BEGIN Supplied material
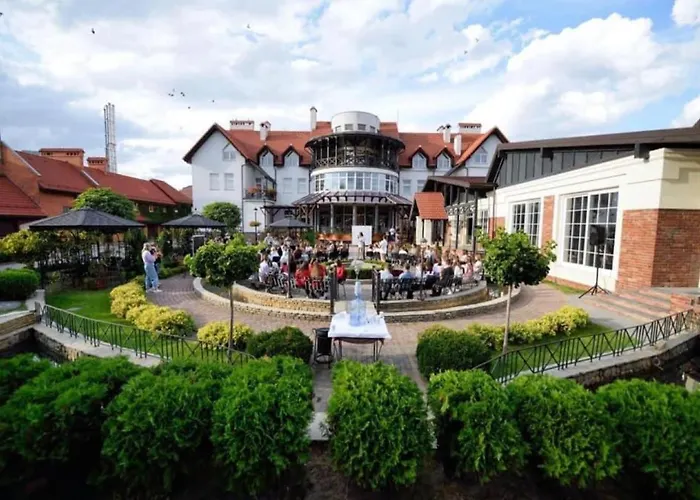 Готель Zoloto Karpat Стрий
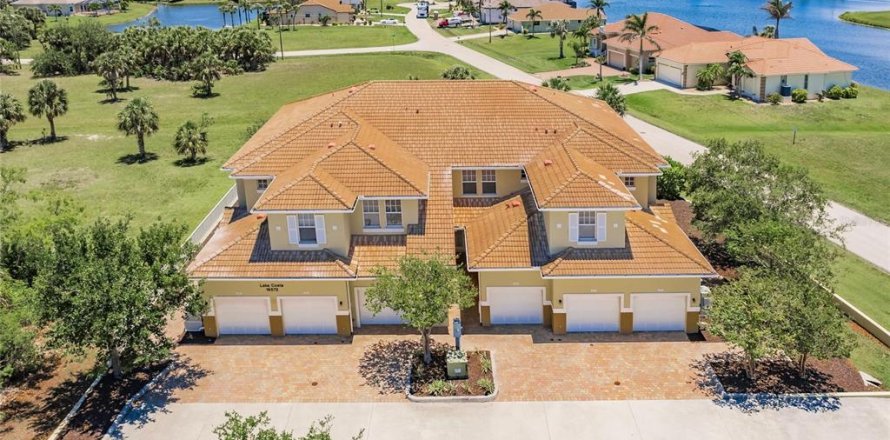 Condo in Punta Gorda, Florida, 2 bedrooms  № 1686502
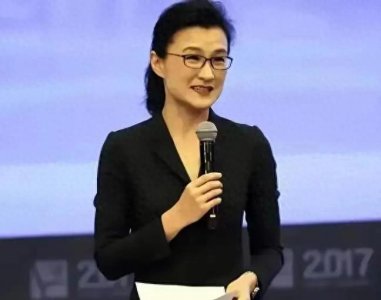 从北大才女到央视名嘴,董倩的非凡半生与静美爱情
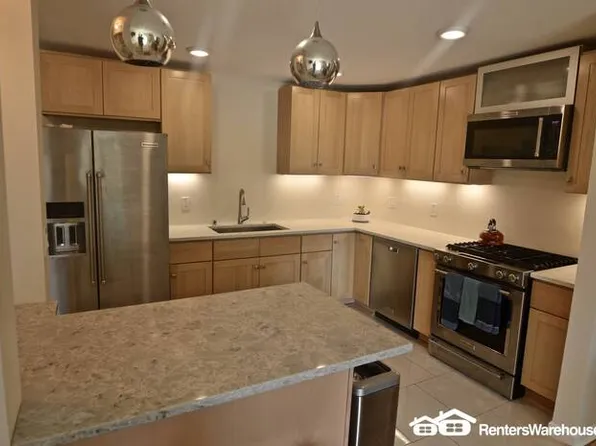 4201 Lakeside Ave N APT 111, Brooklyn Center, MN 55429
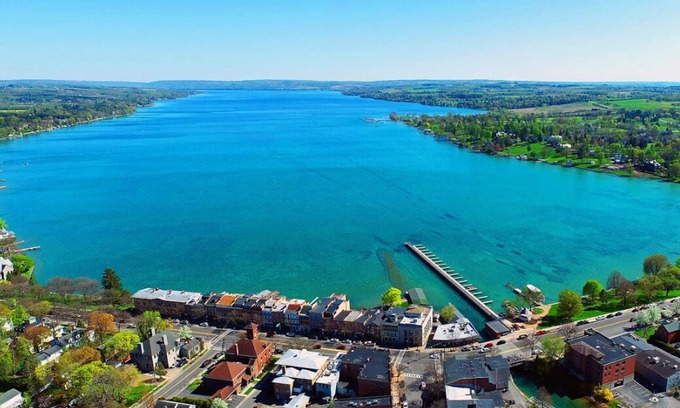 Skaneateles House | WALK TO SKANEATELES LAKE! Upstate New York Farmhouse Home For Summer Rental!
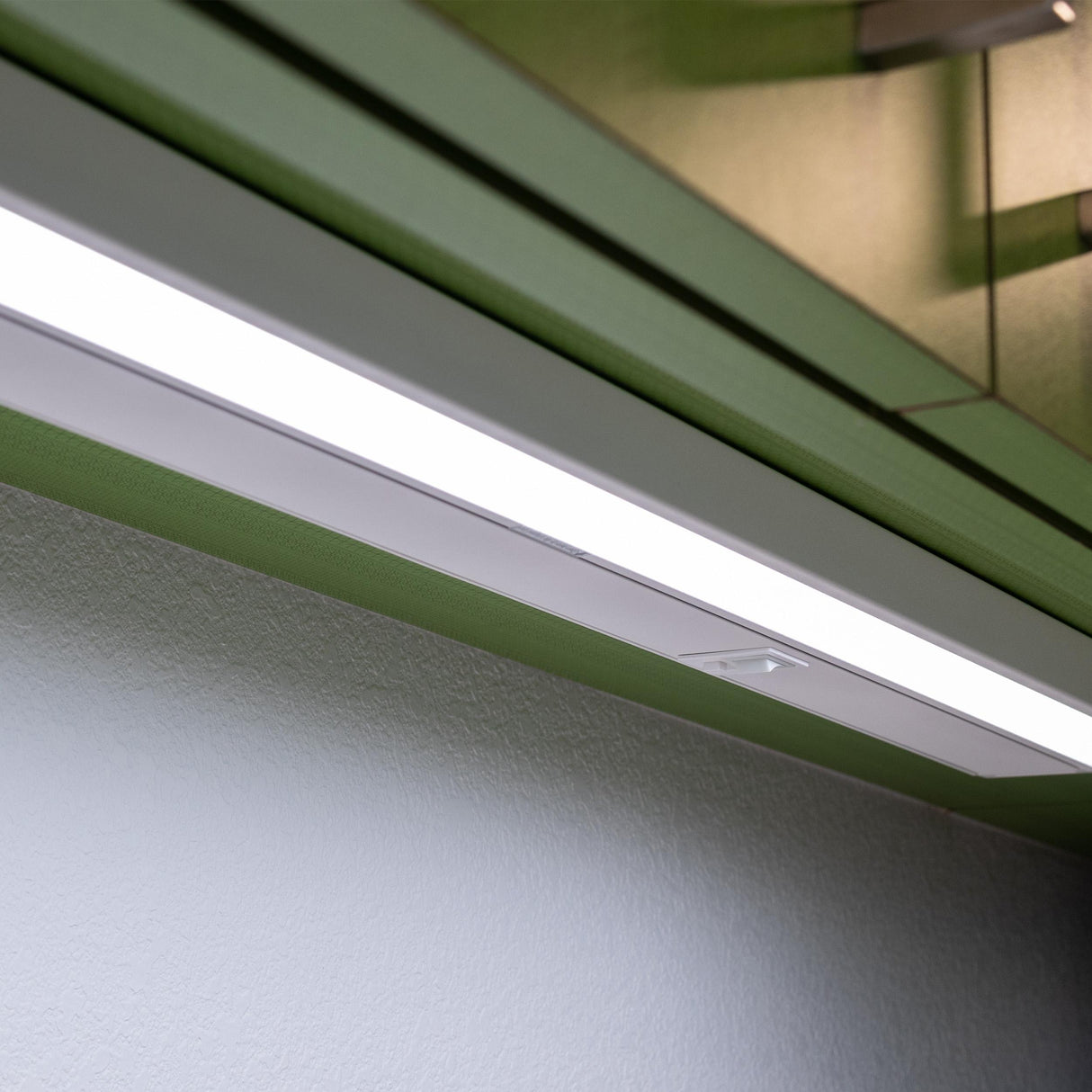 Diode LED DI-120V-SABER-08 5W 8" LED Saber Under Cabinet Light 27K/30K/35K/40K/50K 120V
END Supplied material
Give back an exact copy of the material above, omitting the pictures.

**Solution for this exercise:**
 Готель Zoloto Karpat Стрий
 Condo in Punta Gorda, Florida, 2 bedrooms  № 1686502
 从北大才女到央视名嘴,董倩的非凡半生与静美爱情
 4201 Lakeside Ave N APT 111, Brooklyn Center, MN 55429
 Skaneateles House | WALK TO SKANEATELES LAKE! Upstate New York Farmhouse Home For Summer Rental!
 Diode LED DI-120V-SABER-08 5W 8" LED Saber Under Cabinet Light 27K/30K/35K/40K/50K 120V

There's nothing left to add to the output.